### Work order
Line by line, copy all of the data exactly.
:: Data for this task
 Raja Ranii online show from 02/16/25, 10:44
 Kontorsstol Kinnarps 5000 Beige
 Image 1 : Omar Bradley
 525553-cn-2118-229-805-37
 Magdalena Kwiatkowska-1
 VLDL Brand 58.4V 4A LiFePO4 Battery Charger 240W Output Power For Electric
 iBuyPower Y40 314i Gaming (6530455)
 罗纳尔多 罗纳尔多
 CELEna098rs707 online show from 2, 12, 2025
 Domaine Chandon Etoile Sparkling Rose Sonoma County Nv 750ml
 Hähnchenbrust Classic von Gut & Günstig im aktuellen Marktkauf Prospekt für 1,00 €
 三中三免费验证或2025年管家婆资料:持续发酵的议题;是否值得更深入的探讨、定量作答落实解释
::::
### The completed task
 Raja Ranii online show from 02/16/25, 10:44
 Kontorsstol Kinnarps 5000 Beige
 Image 1 : Omar Bradley
 525553-cn-2118-229-805-37
 Magdalena Kwiatkowska-1
 VLDL Brand 58.4V 4A LiFePO4 Battery Charger 240W Output Power For Electric
 iBuyPower Y40 314i Gaming (6530455)
 罗纳尔多 罗纳尔多
 CELEna098rs707 online show from 2, 12, 2025
 Domaine Chandon Etoile Sparkling Rose Sonoma County Nv 750ml
 Hähnchenbrust Classic von Gut & Günstig im aktuellen Marktkauf Prospekt für 1,00 €
 三中三免费验证或2025年管家婆资料:持续发酵的议题;是否值得更深入的探讨、定量作答落实解释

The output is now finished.